Ein Gespräch über Wut, Humor und ihre PsyCHO-Tour, mit der Margaret Cho jetzt auch bei uns einschlägt.

Ohne Margaret Cho hätte ganz Amerika und ein Großteil der Welt deutlich weniger gelacht. Ohne sie wäre die Welt einfach ärmer. Weil sie sowas wie ein komödiantisches Genie ist, das sich auch noch um Hundert andere Sachen kümmert.

Warum musst du, auch vor schwulen Männern, auf der Bühne immer über deine Möse reden?
Weil ihr euch mal entspannen könnt. Eine Möse ist nur eine Möse. Und etwas sehr Schönes. Meine besonders. (lacht)

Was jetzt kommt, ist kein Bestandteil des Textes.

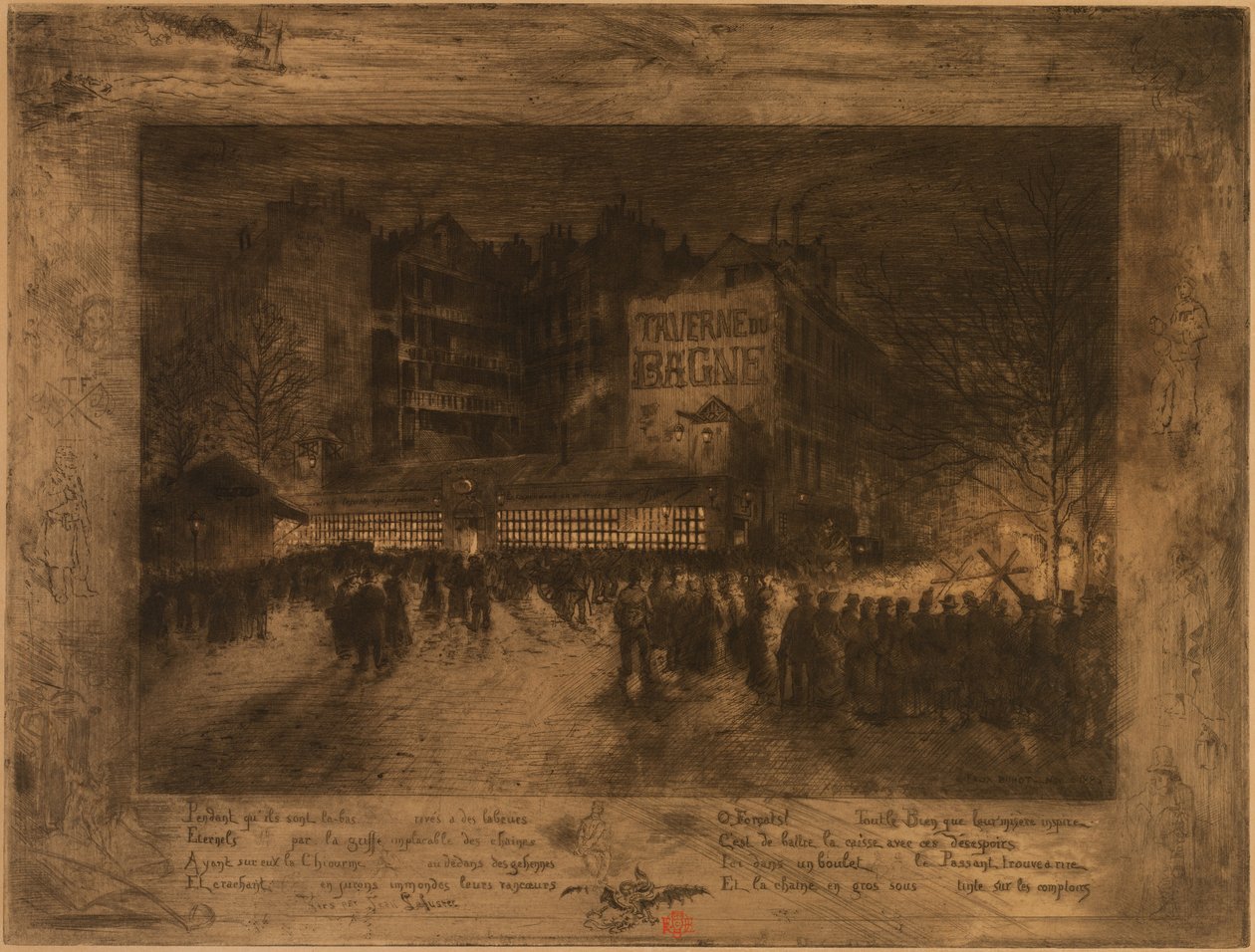 Place des Martyrs og Bagne Tavern, 1885. av Felix Hilaire Buhot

Worum geht es auf Deiner PsyCHO-Tour?
Ich bin da bescheiden: Es geht darum, Frauen und Minderheiten die Kontrolle über den Planeten zurück zu geben.

Im Ernst?
Im Ernst. Der vollständige Titel des Programms ist „There is no I in team, but there is a Cho in PsyCHO“. Was aber zu lang ist. Will sagen: Es geht um meine Wut. Darum, dass ich jeden Tag mit Dingen konfrontiert werde, die einen komplett zum Ausrasten bringen können, weil sie so dumm oder schrecklich, so frauenfeindlich oder homophob sind. Man kann irre werden an der Welt, wenn man nicht aufpasst. Oder man kann die Wut über diese Probleme nehmen und sie in produktive Bahnen lenken. Man kann sie, wie ich das tue, dazu benutzen, Menschen zum Lachen zu bringen. Und dabei Diskussionen darüber anstoßen, wie man die Dinge besser machen kann. Frauen – und Schwulen – wird jedes Mal, wenn wir wütend werden gesagt, wir wären nur hysterisch, überspannt oder eben ein Psycho. Wir müssen uns unsere Wut und dieses Wort zurückholen, und sie positiv besetzen, wir brauchen sie.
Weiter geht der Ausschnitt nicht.